Arthur Conan Doyle wrote an entire page of names for his famous detective, including Mr. Sharps, Mr. Ferrets, and Sherringford Holmes, before ultimately choosing Sherlock. Conan Doyle was familiar with Oliver Wendell Holmes; Sherlock, meanwhile, came from either bowler Frank Shacklock or Conan Doyle’s school pal, Patrick Sherlock.

Holmes wasn’t the only character to initially go by another name: Watson, Holmes’s assistant, was originally named Ormond Sacker. But Conan Doyle apparently decided he wanted a name that wasn’t quite so strange, and went with John H. Watson—potentially a nod to his neighbor in Southsea, Dr. James Watson—instead.
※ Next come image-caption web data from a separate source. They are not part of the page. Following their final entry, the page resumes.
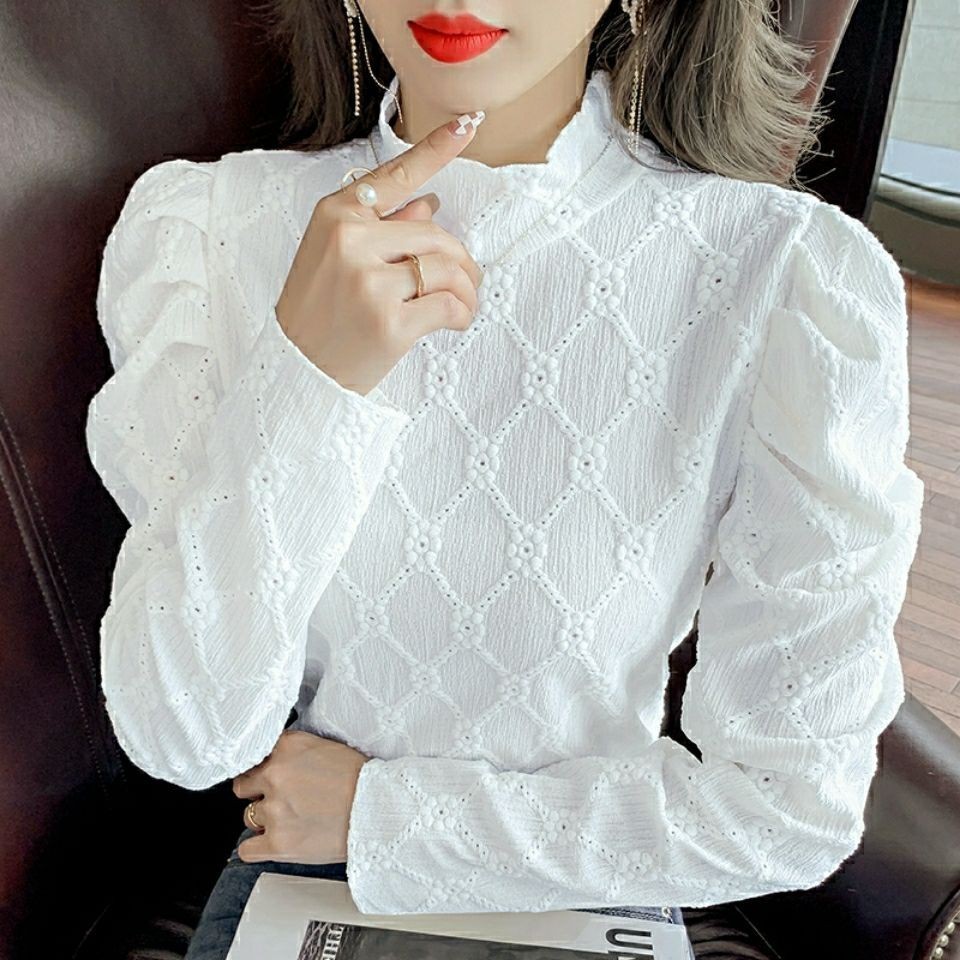 ใส่ภายในแขนยาว จุดต่ําสุด เสื้อผู้หญิงสไตล์ใหม่ฤดูใบไม้ร่วงฤดูหนาวแฟชั่นคอสูงลูกไม้สีขาวด้านบน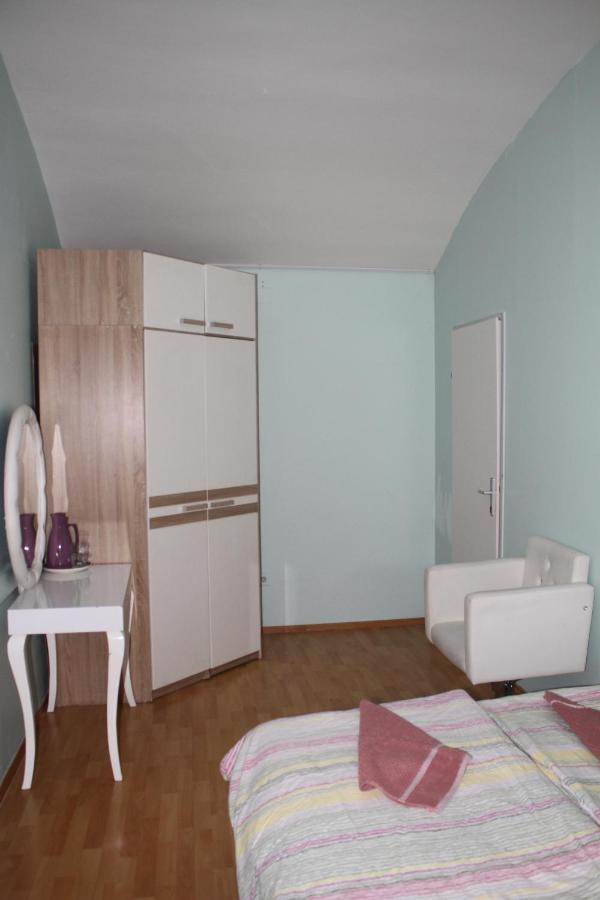 Stadtpark Rooms Wien Ngoại thất bức ảnh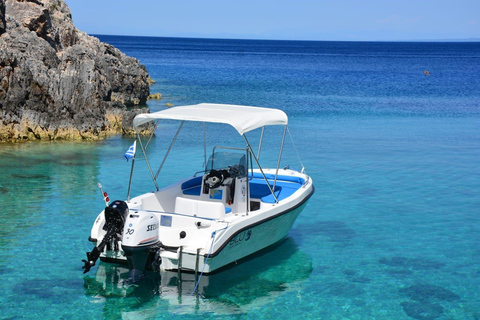 Tsilivi: Noleggio di una giornata intera in barca per il naufragio e le grotte blu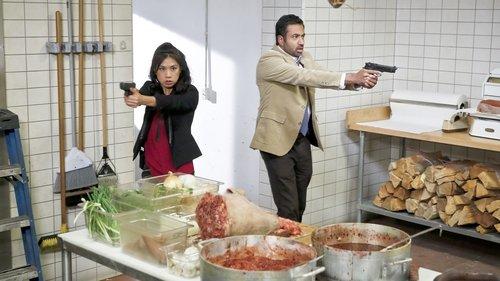 Battle Creek Season 1 Episode 9 - Gingerbread Man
15. Nancy Drew // Nancy Drew Mystery Stories

It was Edward Stratemeyer, creator of the Hardy Boys, who came up with the idea of a book series about a teenaged girl detective in 1929. He sent a memo to Grosset & Dunlap, describing his “Stella Strong Stories,” describing his main character as “An up-to-date American girl at her best, bright, clever, resourceful and full of energy.” The heroine went by a number of names, including Diana Dare, Nell Cody, Nan Nelson, and Helen Hale, among others, before Nancy Drew finally won out.

16. Tiny Tim // A Christmas Carol

Before he decided on Tiny Tim as the name for the small, sickly boy in his classic novel A Christmas Carol, author Charles Dickens called the character Little Fred. A look at a manuscript notated by Dickens revealed he may have also at one point called the character Tiny Mick or Tiny Dick (the person who discovered the change couldn't read Dickens's handwriting).

A version of this story ran in 2012; it has been updated for 2021.